A few short hours ago our country began its next phase in the War on Terror—the liberation of Iraq. At this very moment, our planes are methodically taking out Saddam Hussein’s military installations, government facilities, and infrastructure. In due time, our ground forces will join the battle. Their work will not be complete until Saddam has been removed from power, until Iraq is free, and its threat to the peace-loving world has been eliminated.

On this evening, our hearts and prayers are with those brave servicemen and women who are risking their lives for our freedom. Our debt and gratitude to them are beyond calculation. They humble us with their sacrifice and inspire us with their dedication.

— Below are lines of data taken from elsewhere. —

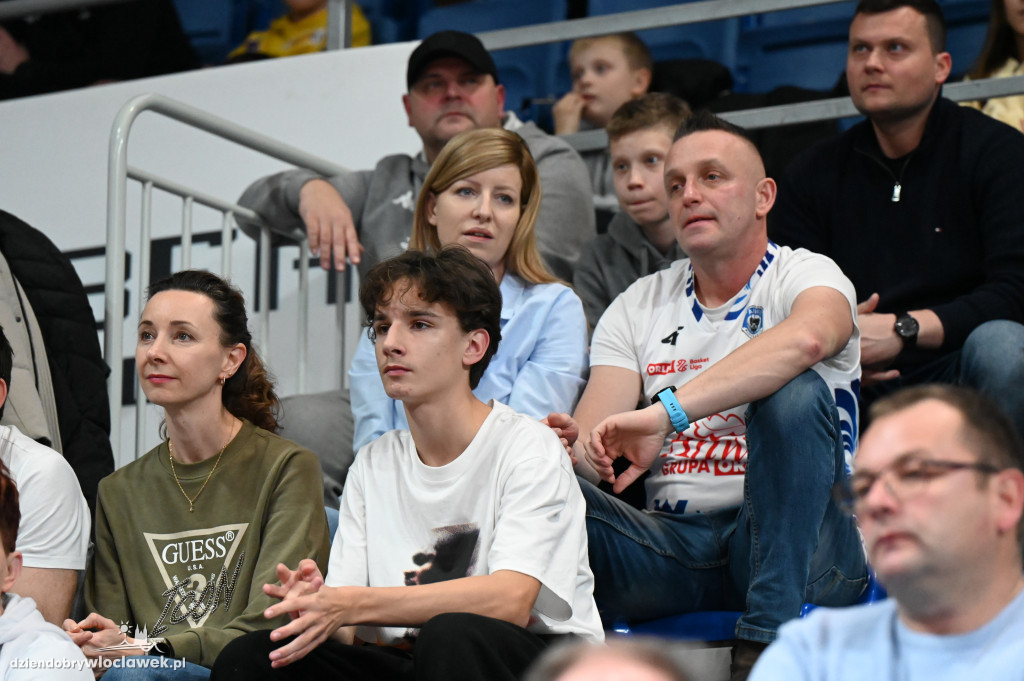 Anwil Włocławek vs. Czarni Słupsk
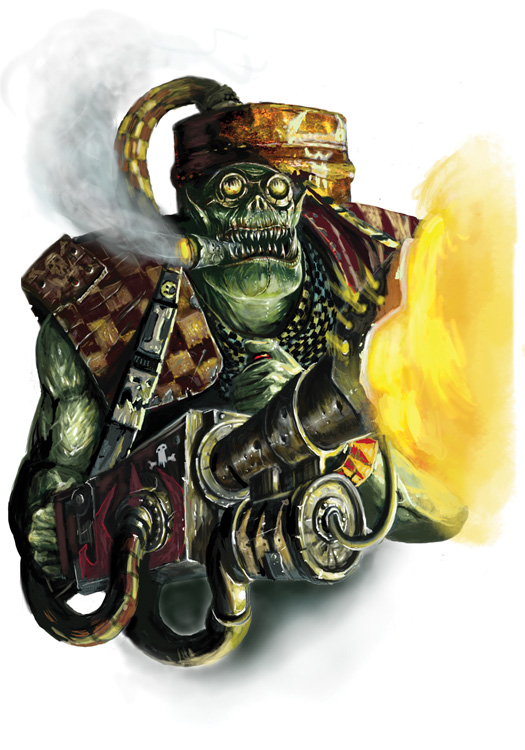 Ork Burna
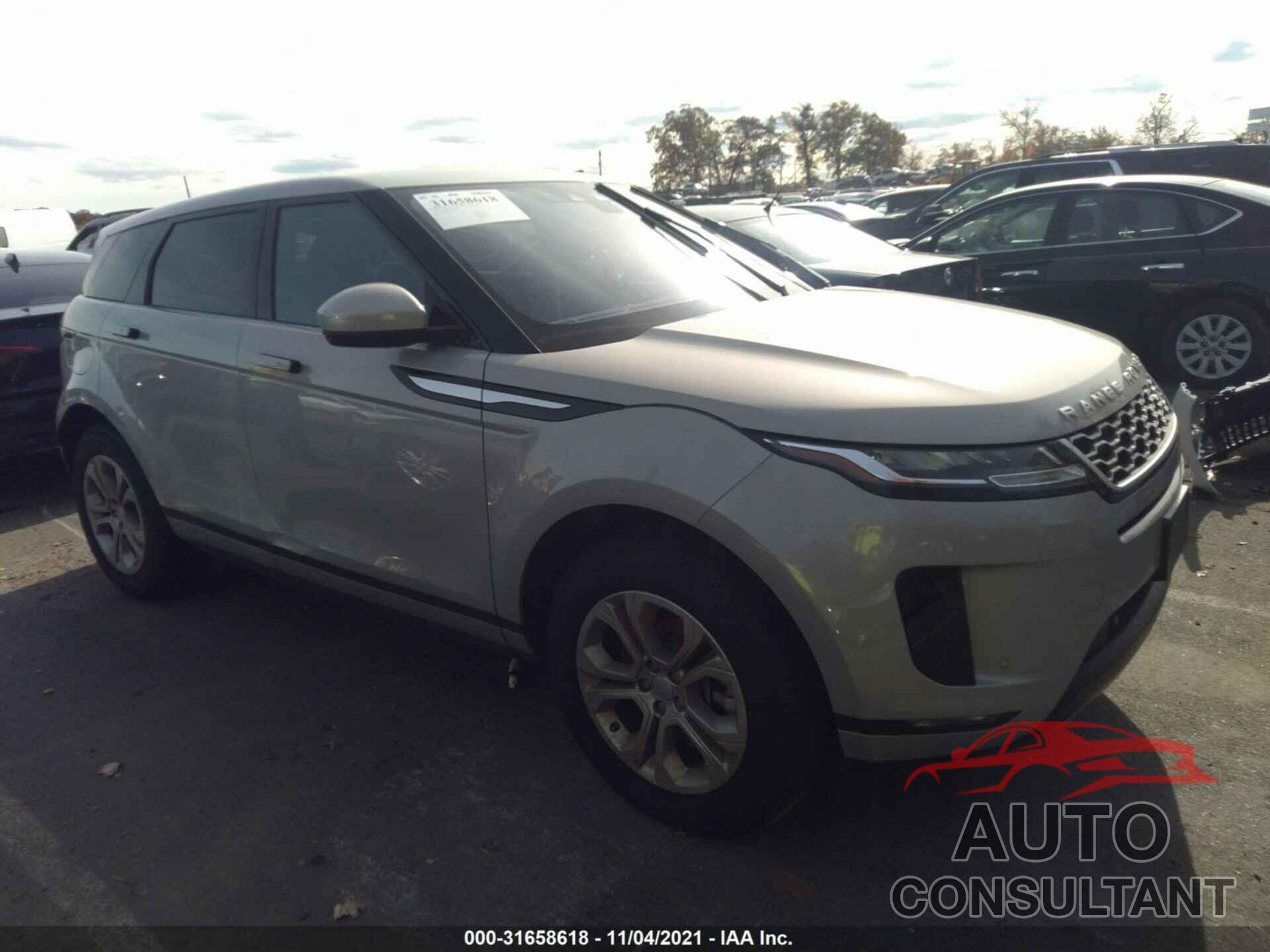 LAND ROVER RANGE ROVER EVOQUE 2020 - SALZJ2FX3LH101844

When I spoke before Congress and the nation last September, ours was a country still grieving in the face of attack, yet resolute in her commitment to deliver a swift and overwhelming defeat to the forces of evil. Tragedy did not make us weak, as our enemies had hoped. Instead, it made us even stronger. Those images of collapsing buildings, of innocents leaping to their deaths, seared our minds, while those words, “Let’s roll,” echoed in our ears and beat in our hearts.

On that night, we as a nation, committed ourselves to doing whatever it would take to make our world safe for freedom. We had been drawn, against our will and our very nature, into a war that we would not lose—no matter how long it would take, how hard we would have to fight, or where the mission might bring us.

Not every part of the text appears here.